En Australie, les saveurs des plats laotiens, une chronique culinaire et sociétale de Francois Guilbert
Comme bien des ouvrages consacrés à la cuisine du Cambodge, du Laos et du Vietnam, l’autrice est issue de l’émigration indochinoise du dernier quart du XXème siècle. Après avoir trouvé refuge en Australie, à Albury (New South Wales) d’abord, en Tasmanie ensuite, la famille s’est installée in fine à dans l’État de Victoria.

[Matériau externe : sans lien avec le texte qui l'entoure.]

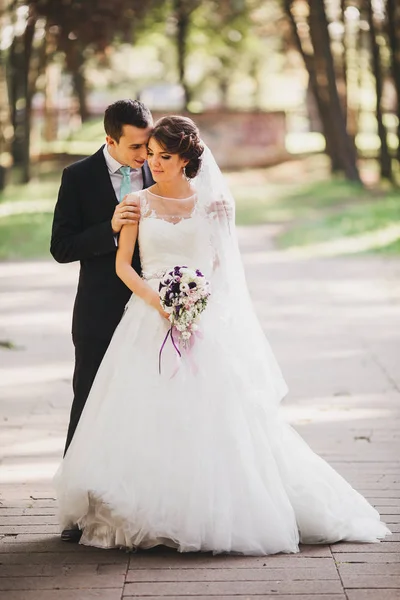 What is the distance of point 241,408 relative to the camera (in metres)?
4.79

Diplôme d’architecture en poche, Sam Sempill s’est lancée à vingt ans en 2001 dans l’aventure de la restauration à Fitzroy, la banlieue bohème de Melbourne. Là, elle mène plusieurs vies professionnelles dont celle de cheffe et propriétaire de son établissement. Une histoire de famille toutefois. Elle cuisinait alors avec sa mère et sa grand-mère. Elles y voyaient ensemble un moyen d’entretenir leurs racines mais aussi une source de partage, une expression de leur affection à leur pays d’adoption via la clientèle chaleureusement accueillie.

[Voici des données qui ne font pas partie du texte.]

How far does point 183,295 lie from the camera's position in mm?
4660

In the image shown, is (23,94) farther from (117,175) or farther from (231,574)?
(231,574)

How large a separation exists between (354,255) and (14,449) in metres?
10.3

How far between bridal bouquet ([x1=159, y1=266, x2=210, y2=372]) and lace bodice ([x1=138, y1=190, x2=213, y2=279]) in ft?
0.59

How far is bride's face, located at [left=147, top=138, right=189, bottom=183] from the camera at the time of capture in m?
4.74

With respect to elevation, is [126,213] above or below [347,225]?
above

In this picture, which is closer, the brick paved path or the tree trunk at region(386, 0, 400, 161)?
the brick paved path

N’ayant pas de formation cuisinière autre que celle prodiguée par ses aînées, l’aventure de restauratrice dura cinq ans et demi. Jonglant avec les horaires et plusieurs métiers, elle décida voici une dizaine d’années de se consacrer pleinement au travail auquel sa formation dans l’enseignement supérieur la destinait : l’architecture d’intérieur. Celui-ci ne lui fit d’ailleurs pas totalement abandonner ses liens avec le Laos tant Mme Sempill est littéralement fascinée par les textiles de son pays d’origine. Cette passion on la retrouve d’ailleurs, aujourd’hui, dans ce livre de recettes.

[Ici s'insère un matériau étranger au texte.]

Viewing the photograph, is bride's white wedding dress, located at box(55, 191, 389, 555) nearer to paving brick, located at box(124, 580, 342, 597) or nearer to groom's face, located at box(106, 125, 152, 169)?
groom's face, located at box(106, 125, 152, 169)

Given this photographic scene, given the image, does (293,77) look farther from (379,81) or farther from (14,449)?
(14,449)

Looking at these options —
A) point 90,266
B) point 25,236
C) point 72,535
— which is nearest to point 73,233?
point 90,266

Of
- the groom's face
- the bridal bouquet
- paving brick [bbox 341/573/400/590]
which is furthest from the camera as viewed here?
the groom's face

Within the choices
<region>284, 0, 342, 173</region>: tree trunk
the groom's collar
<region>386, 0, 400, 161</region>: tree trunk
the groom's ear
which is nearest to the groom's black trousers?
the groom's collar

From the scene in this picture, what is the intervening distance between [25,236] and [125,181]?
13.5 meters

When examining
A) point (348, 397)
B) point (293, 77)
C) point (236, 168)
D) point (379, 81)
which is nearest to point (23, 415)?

Mis en bonne place sur des murs, les tissus illustrent quelques-unes des pages du manuscrit. Ils donnent, comme plusieurs crayonnés et clichés familiaux, des couleurs chaudes, intimistes même au récit de vie et au parcours culinaires proposé à la réalisation. Ce livre est une ode au passé, celui de la jeunesse de l’autrice, mais plus encore de son amour pour ses ascendants, celui qu’ils ont transmis au travers de leurs bons petits plats voire de leur emploi immodéré de l’aneth. Cet ouvrage est, pour tout dire, inspiré. Il plonge ses racines dans le riche patrimoine lao et celui de la famille de la narratrice. Cette dernière n’en prend pas moins soin à expliquer chacun de ses choix de recettes : des toasts à la française (Koa Chee Falung) à la soupe au jarret de porc Hmong (Geang Kar Moo), en passant par la fabrication des saucisses de porc de Luang Prabang.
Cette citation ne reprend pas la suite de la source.